DATA>
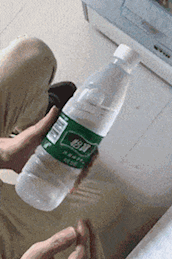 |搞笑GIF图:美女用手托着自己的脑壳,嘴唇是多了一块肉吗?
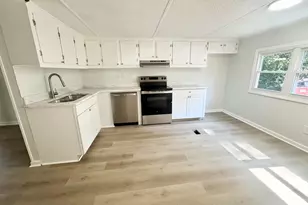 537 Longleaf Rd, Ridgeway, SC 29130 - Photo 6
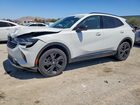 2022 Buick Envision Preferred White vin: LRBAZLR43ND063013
--
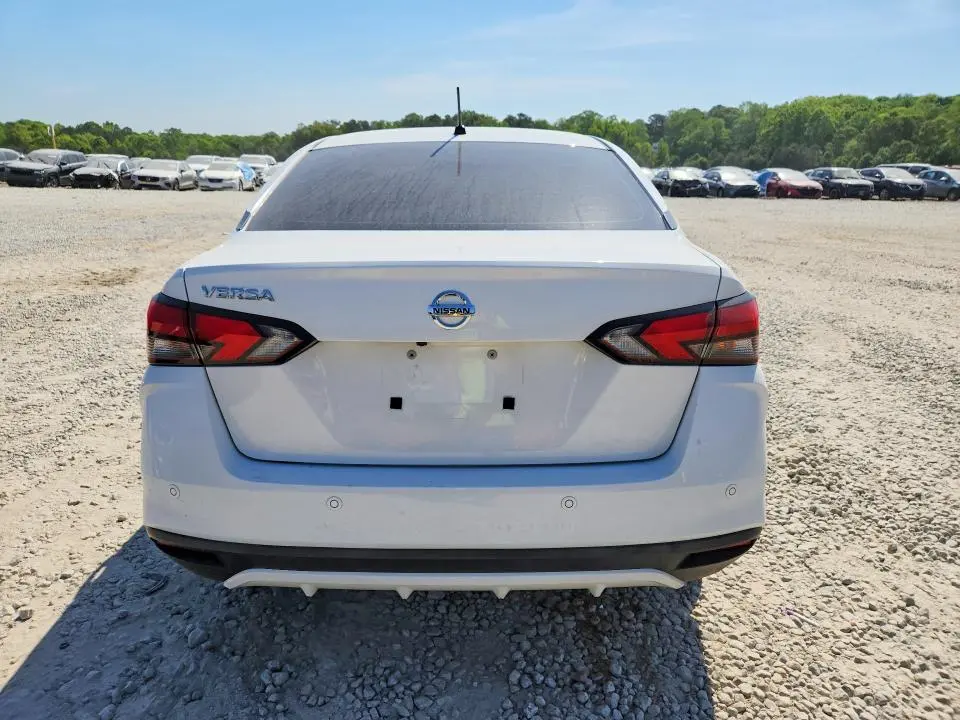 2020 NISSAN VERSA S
==
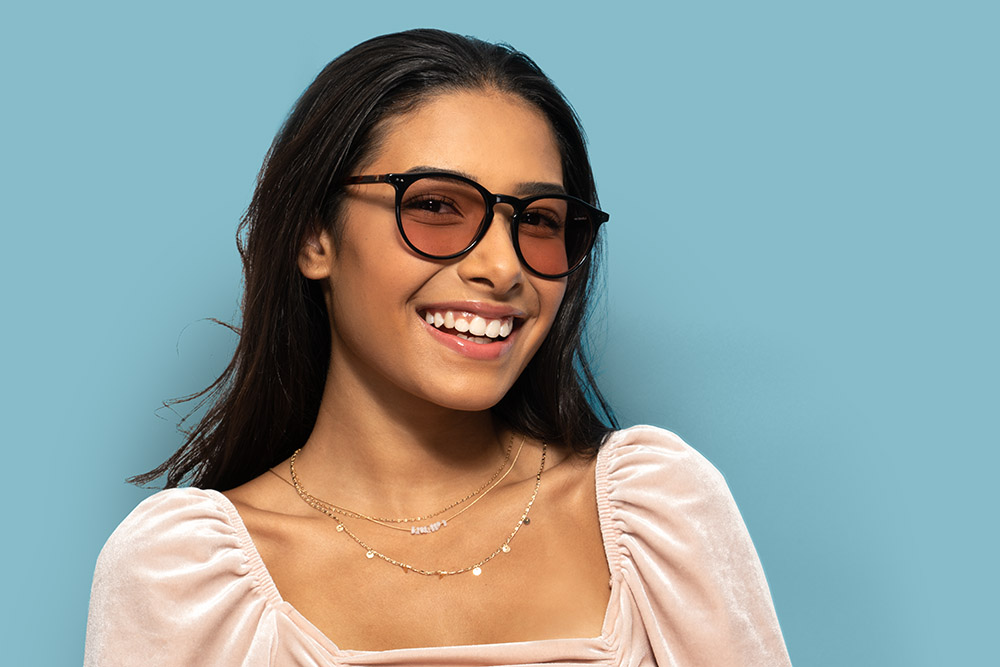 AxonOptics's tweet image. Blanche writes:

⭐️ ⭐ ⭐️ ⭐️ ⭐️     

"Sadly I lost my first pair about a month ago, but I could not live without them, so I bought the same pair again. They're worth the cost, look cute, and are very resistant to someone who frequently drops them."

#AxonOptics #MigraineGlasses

INSTRUCTIONS FOR THE TASK>
In the listing above, find the line with "AxonOptics's tweet image." and output every line through the one with "#AxonOptics #MigraineGlasses", exactly, without the pictures.

YOUR SOLUTION>
 AxonOptics's tweet image. Blanche writes:

⭐️ ⭐ ⭐️ ⭐️ ⭐️     

"Sadly I lost my first pair about a month ago, but I could not live without them, so I bought the same pair again. They're worth the cost, look cute, and are very resistant to someone who frequently drops them."

#AxonOptics #MigraineGlasses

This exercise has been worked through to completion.